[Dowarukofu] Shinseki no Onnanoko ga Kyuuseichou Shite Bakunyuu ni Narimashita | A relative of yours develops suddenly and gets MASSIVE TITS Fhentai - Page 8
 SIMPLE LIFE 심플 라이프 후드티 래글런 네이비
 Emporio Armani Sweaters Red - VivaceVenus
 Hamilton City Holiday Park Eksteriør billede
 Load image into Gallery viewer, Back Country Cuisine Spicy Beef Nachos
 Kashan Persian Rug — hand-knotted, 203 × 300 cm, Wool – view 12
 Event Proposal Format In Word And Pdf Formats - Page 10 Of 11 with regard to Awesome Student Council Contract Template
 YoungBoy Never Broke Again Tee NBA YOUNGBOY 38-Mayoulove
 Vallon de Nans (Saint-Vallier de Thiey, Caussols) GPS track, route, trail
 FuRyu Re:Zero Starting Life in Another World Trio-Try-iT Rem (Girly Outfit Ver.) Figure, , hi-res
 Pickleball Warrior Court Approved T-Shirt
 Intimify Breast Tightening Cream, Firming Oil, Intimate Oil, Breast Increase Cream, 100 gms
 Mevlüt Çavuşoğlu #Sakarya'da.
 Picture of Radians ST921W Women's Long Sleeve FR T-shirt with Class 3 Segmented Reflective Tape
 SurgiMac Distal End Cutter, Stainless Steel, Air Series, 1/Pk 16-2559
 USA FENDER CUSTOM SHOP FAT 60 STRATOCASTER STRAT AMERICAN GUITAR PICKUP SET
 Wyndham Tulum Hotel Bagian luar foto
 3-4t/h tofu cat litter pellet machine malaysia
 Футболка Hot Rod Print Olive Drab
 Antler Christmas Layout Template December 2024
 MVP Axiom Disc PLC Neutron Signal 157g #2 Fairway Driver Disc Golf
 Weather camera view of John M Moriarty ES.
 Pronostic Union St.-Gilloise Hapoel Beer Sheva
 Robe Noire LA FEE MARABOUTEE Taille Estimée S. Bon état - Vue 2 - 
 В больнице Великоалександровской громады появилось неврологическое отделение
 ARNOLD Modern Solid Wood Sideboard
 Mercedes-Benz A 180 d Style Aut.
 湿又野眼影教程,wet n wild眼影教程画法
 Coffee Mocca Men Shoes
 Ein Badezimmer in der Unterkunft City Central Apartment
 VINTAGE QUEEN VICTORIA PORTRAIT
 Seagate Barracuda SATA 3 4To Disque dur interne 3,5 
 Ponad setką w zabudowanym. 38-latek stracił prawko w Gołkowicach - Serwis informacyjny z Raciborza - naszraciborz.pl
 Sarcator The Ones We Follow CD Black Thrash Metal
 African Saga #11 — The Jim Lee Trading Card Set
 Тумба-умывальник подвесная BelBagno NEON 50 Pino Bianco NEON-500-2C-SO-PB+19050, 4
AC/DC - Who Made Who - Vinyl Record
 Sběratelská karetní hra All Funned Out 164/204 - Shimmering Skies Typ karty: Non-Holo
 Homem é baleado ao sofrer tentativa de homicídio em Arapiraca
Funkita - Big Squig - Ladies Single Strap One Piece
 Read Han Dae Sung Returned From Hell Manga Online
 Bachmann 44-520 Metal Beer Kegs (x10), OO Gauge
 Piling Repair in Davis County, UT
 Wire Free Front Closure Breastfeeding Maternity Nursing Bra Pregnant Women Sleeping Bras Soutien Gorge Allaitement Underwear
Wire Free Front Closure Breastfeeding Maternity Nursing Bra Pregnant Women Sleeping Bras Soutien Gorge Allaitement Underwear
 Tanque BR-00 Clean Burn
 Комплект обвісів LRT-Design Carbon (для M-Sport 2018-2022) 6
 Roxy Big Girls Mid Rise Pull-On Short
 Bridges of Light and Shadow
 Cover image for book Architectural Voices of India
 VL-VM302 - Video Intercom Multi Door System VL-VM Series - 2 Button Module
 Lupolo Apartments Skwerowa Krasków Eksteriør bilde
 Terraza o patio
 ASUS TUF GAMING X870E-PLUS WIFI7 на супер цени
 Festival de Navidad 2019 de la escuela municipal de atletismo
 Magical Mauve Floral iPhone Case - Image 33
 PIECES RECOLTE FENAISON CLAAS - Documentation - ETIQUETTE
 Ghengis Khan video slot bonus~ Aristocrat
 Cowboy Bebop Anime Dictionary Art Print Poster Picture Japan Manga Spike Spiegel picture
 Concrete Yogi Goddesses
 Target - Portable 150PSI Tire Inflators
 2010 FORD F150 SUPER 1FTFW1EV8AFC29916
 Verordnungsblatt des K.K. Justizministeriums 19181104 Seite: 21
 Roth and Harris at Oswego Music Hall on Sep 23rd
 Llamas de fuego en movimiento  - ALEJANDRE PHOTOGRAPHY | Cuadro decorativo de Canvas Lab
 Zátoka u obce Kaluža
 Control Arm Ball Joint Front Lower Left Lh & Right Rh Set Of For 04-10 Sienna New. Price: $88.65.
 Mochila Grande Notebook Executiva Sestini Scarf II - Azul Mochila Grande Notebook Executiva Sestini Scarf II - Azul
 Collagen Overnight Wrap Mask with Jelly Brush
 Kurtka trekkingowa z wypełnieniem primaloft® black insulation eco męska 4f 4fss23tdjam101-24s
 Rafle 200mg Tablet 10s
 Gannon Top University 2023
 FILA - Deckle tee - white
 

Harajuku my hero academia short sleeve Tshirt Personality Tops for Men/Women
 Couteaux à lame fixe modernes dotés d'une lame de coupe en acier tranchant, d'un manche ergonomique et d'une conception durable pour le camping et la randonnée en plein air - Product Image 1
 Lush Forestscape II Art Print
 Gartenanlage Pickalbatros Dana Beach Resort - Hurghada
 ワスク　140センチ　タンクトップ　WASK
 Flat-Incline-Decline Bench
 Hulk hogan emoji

# [TASK BRIEF]
The reply should consist solely of the lines above from the one that has "Lupolo Apartments Skwerowa" through the one that has "Target - Portable 150PSI Tire Inflators", reproduced exactly.

# [TASK SOLUTION]
 Lupolo Apartments Skwerowa Krasków Eksteriør bilde
 Terraza o patio
 ASUS TUF GAMING X870E-PLUS WIFI7 на супер цени
 Festival de Navidad 2019 de la escuela municipal de atletismo
 Magical Mauve Floral iPhone Case - Image 33
 PIECES RECOLTE FENAISON CLAAS - Documentation - ETIQUETTE
 Ghengis Khan video slot bonus~ Aristocrat
 Cowboy Bebop Anime Dictionary Art Print Poster Picture Japan Manga Spike Spiegel picture
 Concrete Yogi Goddesses
 Target - Portable 150PSI Tire Inflators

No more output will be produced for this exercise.